Oprl1, encoding the nociceptin/orphanin FQ receptor (NOP), is a key regulator in multiple biological processes. The NOP receptor is involved in the nociceptin/Orphanin FQ (N/OFQ) system, which has a significant impact on hippocampal function, learning, memory, and emotional regulation [1,6]. It is also associated with the regulation of pain, reward, and stress-related responses [3,4,5].

In a mouse model combining adverse maternal environment (AME) and post-weaning Western diet (WD), an AME and an AME-WD significantly increased the total hippocampal expression of Oprl1 and variant V4 in male offspring, through an epigenetic mechanism. This altered expression may contribute to cognitive impairment in adult males [1]. In another study, in marchigian sardinian (msP) alcohol-preferring rats, stress led to decreased methylation of Oprl1 in the nucleus accumbens and increased alcohol intake, suggesting an epigenetic mechanism in the influence of psychosocial stress on alcohol consumption [2]. In human alcoholics, the expression of Oprl1 mRNA was decreased in the central amygdala, potentially related to the impairment of cognitive control over alcohol-seeking behavior [5].

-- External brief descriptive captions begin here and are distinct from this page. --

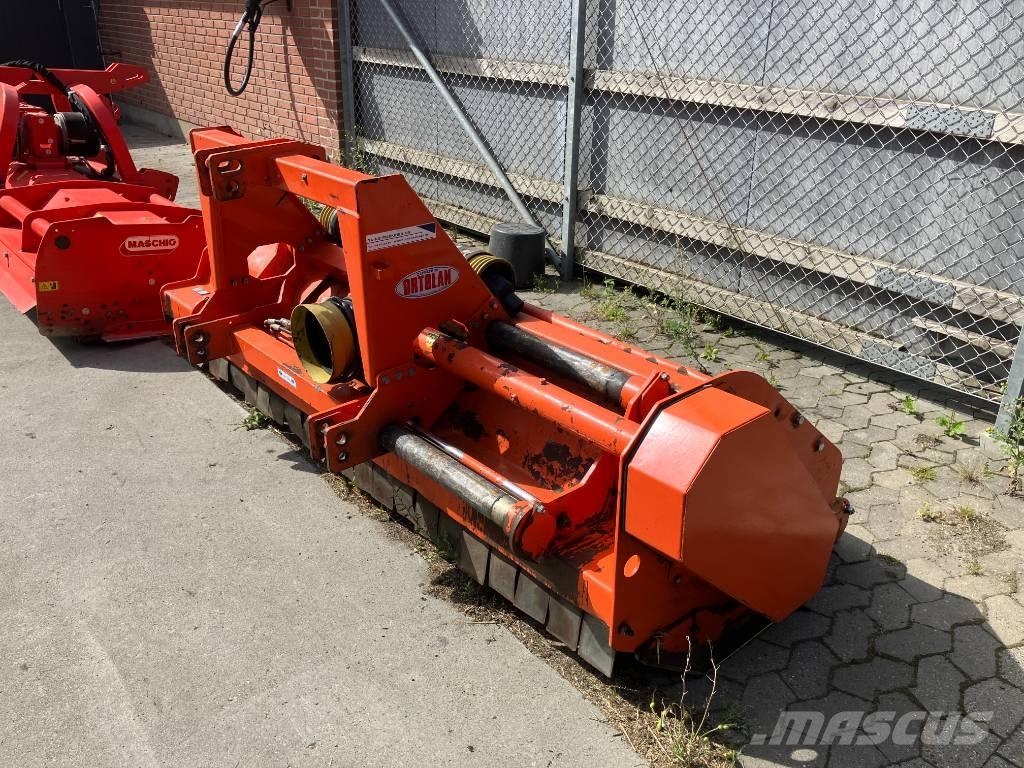 Ortolan 300 Газонні і лукові косилки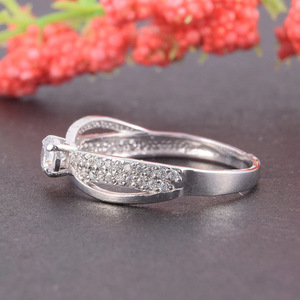 Anello Regolabile a Croce Elegante, Design Minimalista, Gioielli da Donna alla Moda, per Uso Quotidiano, Regalo Chic - Product Image 6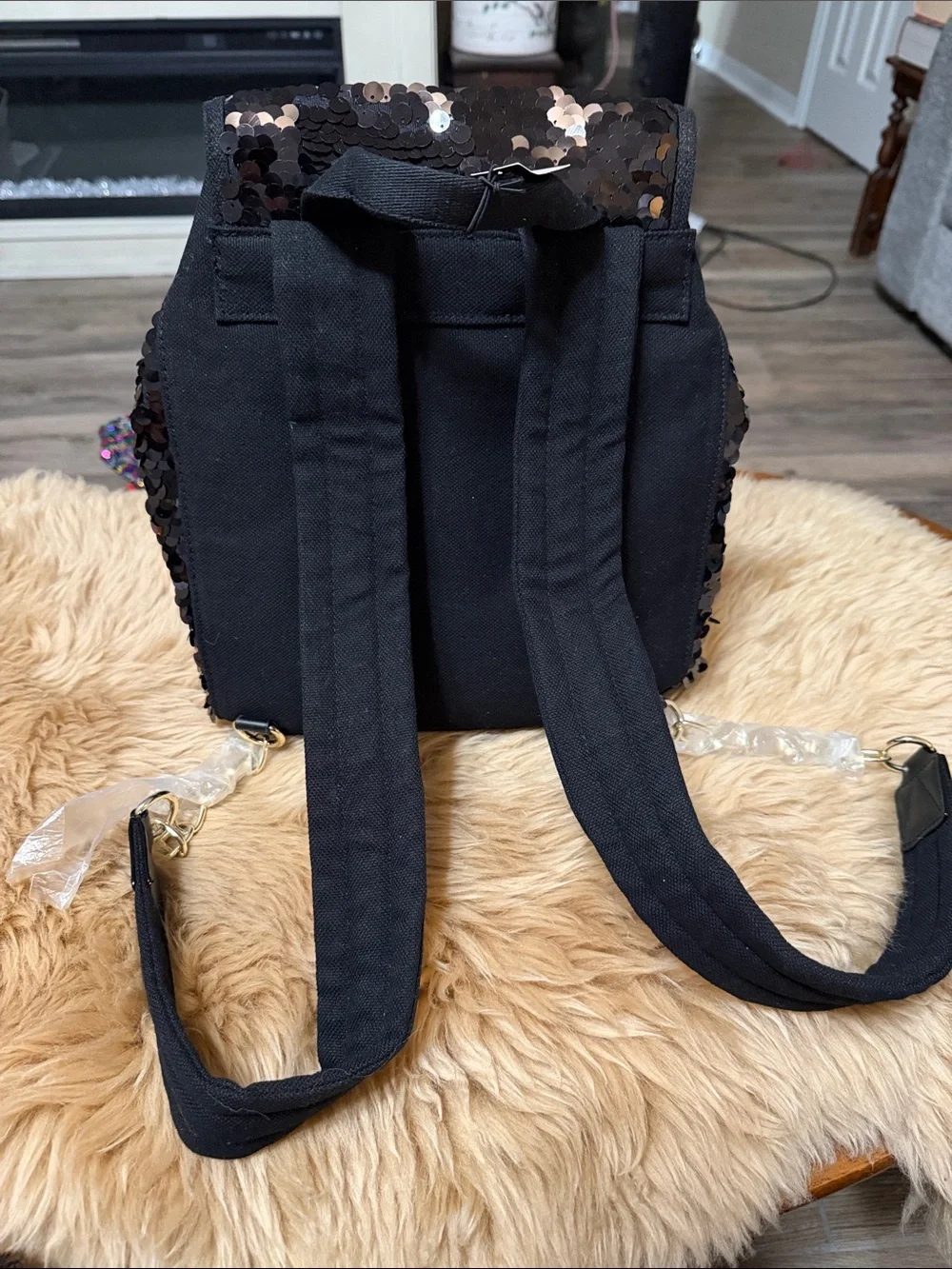 Victorias Secret Sequin Flap City Backpack Black NWT, Really Nice Backpack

In conclusion, Oprl1 plays a crucial role in cognitive function, alcohol-related behaviors, and may be involved in the response to stress. Mouse models have been instrumental in revealing its role in cognitive impairment associated with adverse early-life environments and its contribution to alcohol-related behaviors. These findings highlight the potential of Oprl1 as a target for treating related cognitive and substance-abuse disorders.